1

My geographical zone $A$ is subdivided in $k$ different types of areas: $A_1 + A_2 + \dots{} + A_k = A$. These have been measured on a map with neglictible uncertainty: i.e. for any point on the map, it is unambiguous whether the point lies on type $1, 2, \dots{}$ or $k$.

In order to "sample from A", a tier has defined a clear-cut sub-area $B \subset A$. So I can also measure all intersections $(B_1=B\cap A_1) + (B_2 = B \cap A_2) + \dots{} + (B_k=B\cap A_3) = B$ with very few uncertainty.

In the end, my data looks like

A = 150m²
B/A = 60%

type  |    A |    B
1     | 1.2% | 1.0%
2     | 0.5% | 0.7%
...   
k     | 7.5% | 8.9%

So I have a vector $D_A = (\frac{A_1}{A}, \dots{}, \frac{A_k}{A})$ that represents the overall distribution of the various types of areas in my geographical zone, while another vector $D_B = (\frac{B_1}{B}, \dots{}, \frac{B_k}{B})$ represents the "sampled" distribution of these types in the sub-area $B$.

Now, I am in charge of deciding whether or not $B$ is a good sample, i.e. whether it is representative of the various area types in $A$.

Therefore, I suspect that my statistical mission is to compare $D_A$ and $D_B$ so as to answer the question: Is there a significant difference between $D_A$ and $D_B$?

My problem is that I am not sure what to compare $(D_A - D_B)$ against, because they do not differ due to some "experimental randomness". In fact, the reasons they differ lie in complicated constraints worked around "at best" by the tier during the process of defining $B$, and I am not even aware of those.

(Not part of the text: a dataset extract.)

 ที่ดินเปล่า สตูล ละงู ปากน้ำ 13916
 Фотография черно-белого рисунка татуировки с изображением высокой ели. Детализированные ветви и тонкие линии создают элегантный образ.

So, do I have enough data to answer the question?
If yes, what is the right comparison method in this case?
If not, what can I use as a significance criterion?

iago-lito
  • 143
  • 7
  • 1
    Could you explain what "types distributions" are? Indeed, there are no numerical quantities in evidence apart from the percentages (which presumably are fractions of the total area) and *by construction* $B$ differs from $A$ (its values will be consistently smaller). – whuber May 18 '20 at 13:40
  • @whuber Sure. I call "types distributions" the percentages that are indeed the only numerical quantities in evidence, *i.e.* $(A_1/A, A_2/A, \dots{}, A_k/A)$ and $(B_1/B, B_2/B, \dots{}, B_k/B)$. I wish to know whether those two vectors look statistically alike, but I am unsure what to compare their difference with. I'll edit the post to make it clearer. – iago-lito May 18 '20 at 13:51
  • 1
    Could you explain what you mean by "statistically alike"? This is an important consideration for developing any answer, especially because (so far) there is no indication of anything that could be modeled as random or uncertain. – whuber May 18 '20 at 13:56
  • @whuber I understand. I have reformulated the question to focus on this elusive source of uncertainty, which lies at the heart of my questionning. – iago-lito May 18 '20 at 14:15
  • 1
    Thank you for the ongoing improvements--the nature of the question is becoming apparent. It looks, though, like information about how the areas are sampled and what measurement(s) are made in each area will be important for developing an answer, because we still don't have information about how and why the distribution of $B$ could differ from the distribution of $A.$ – whuber May 18 '20 at 14:19
  • @whuber Yes. The thing is that I don't know why they differ either, why may be the very source of my problem. I have reformulated again to make it explicit. – iago-lito May 18 '20 at 14:42

0 Answers0